Pokok nomor lima adalah ukuran penentu keterbersihan dan keterlatihan sikap kita:

Kalau seluruh laku Dharmaku menghimpun ke dalam satu niatan;

Niat ini untuk menghapus sikap sayang-diri sendiri. Segala segi dari kepustakaan mengenai tujuh pokok dan naskah Lojong lainnya bertujuan mengatasi sikap sayang-diri sendiri dan sikap asyik dengan diri sendiri. Melalui niat mengikis sikap ayang-diri sendiri, kita tahu bahwa arah yang kita tuju itu benar dan laku kita berhasil. Jika sikap tersebut berkurang, kita membuat kemajuan.

Tapi apa maksudnya kemajuan? Ketika bicara tentang kemajuan di atas sang jalan, harus dipahami bahwa sifatnya bukan seperti garis lurus.
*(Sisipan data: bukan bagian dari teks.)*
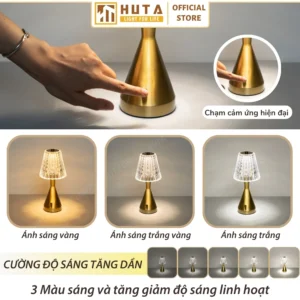 Đèn Bàn Trang Trí Nhà Hàng, Quán Bar HUTA Light For Life Mã RESBED2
Kita makhluk hayati yang hidup di dunia hayati dan segala sesuatu di sini tidak terjadi secara garis-lurus, tidak ada hal yang senantiasa membaik setiap hari. Memang tingkat-tingkat jalan rohani yang kita lalui disajikan secara tertata; ada lima jalan, sepuluh tingkat bodhisattwa dan seterusnya. Ini mungkin menimbulkan kesan bahwa kemajuan kita juga demikian. Tentu, kita maju dari satu tingkat ke tingkat selanjutnya, tapi kemajuan itu tidak tetap setiap hari. Kadang latihan kita berjalan baik, kadang tidak. Kabar baiknya: ini wajar. Jadi jangan kita patah semangat; jangan pula muluk-muluk. Ini ditekankan di dalam semua arahan meditasi. Yang kita cari adalah kecenderungan jangka-panjangnya: bahwa seiring waktu, setiap laku yang kita jalankan akan mengikis sikap mementingkan diri sendiri, sekalipun kita jatuh-bangun dalam prosesnya. Ini tanda bahwa kita menjalankan laku dengan benar.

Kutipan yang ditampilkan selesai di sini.